The Risks — Honest Version
- Consumer spending weakness: TJX benefits from trade-down, but a deep recession hurts all discretionary retail. Off-price is more resilient, not immune.
- Premium valuation compression: If the market de-rates consumer staples and quality retail names broadly (which happens in rising-rate environments), TJX can drift to 26–27x even without any business deterioration. That's a 10% re-rating risk from current levels.
- Tariff cost absorption: The pre-tariff merchandise commitments create a near-term margin headwind that management has acknowledged. If tariffs escalate further, the offset math gets harder.
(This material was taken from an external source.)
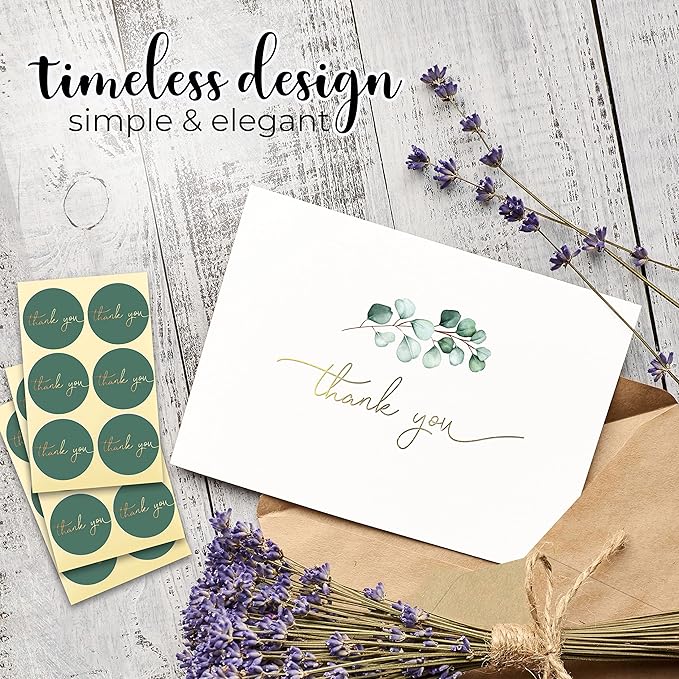 100 Heavyweight Blank Thank You Cards with Envelopes for a Personal Touch, Eucalyptus Thank You Card for Any Occasion, Wedding, Bulk Pack Card with Envelopes & Stickers (3.7 x 5.1 Inches) (100 Pack)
- E-commerce limitation: TJX's model doesn't translate well online. The treasure hunt experience is physical. If consumer shopping behavior shifts dramatically toward digital, TJX has limited options to follow.
My Thesis
TJX is one of the best-run retailers on the planet. The $60B revenue milestone, the 13% dividend raise, and the sustained comp store growth tell you the business hasn't peaked — it's maturing into a more dominant position. The off-price model is structurally more resilient than any other format in retail, and tariff disruption is creating the exact conditions (excess inventory, value-seeking consumers) that the model was designed for.
At $151, this is a quality hold for investors who own it. It's a watchlist add for those who don't, with a patient entry target around $135–$140 — the level where the premium compresses to a more reasonable 27x and the total return thesis gets genuinely exciting. JP Morgan's $174 target looks right directionally for the 12-month horizon.
If you're building a portfolio that needs to weather the BOJ carry trade scenario, a consumer slowdown, or a Fed miscalculation — TJX is the kind of retail name you want in it. Not because it'll pop, but because it'll still be compounding while everything else is sorting itself out.
Quality hold at current levels. Strong buy below $140.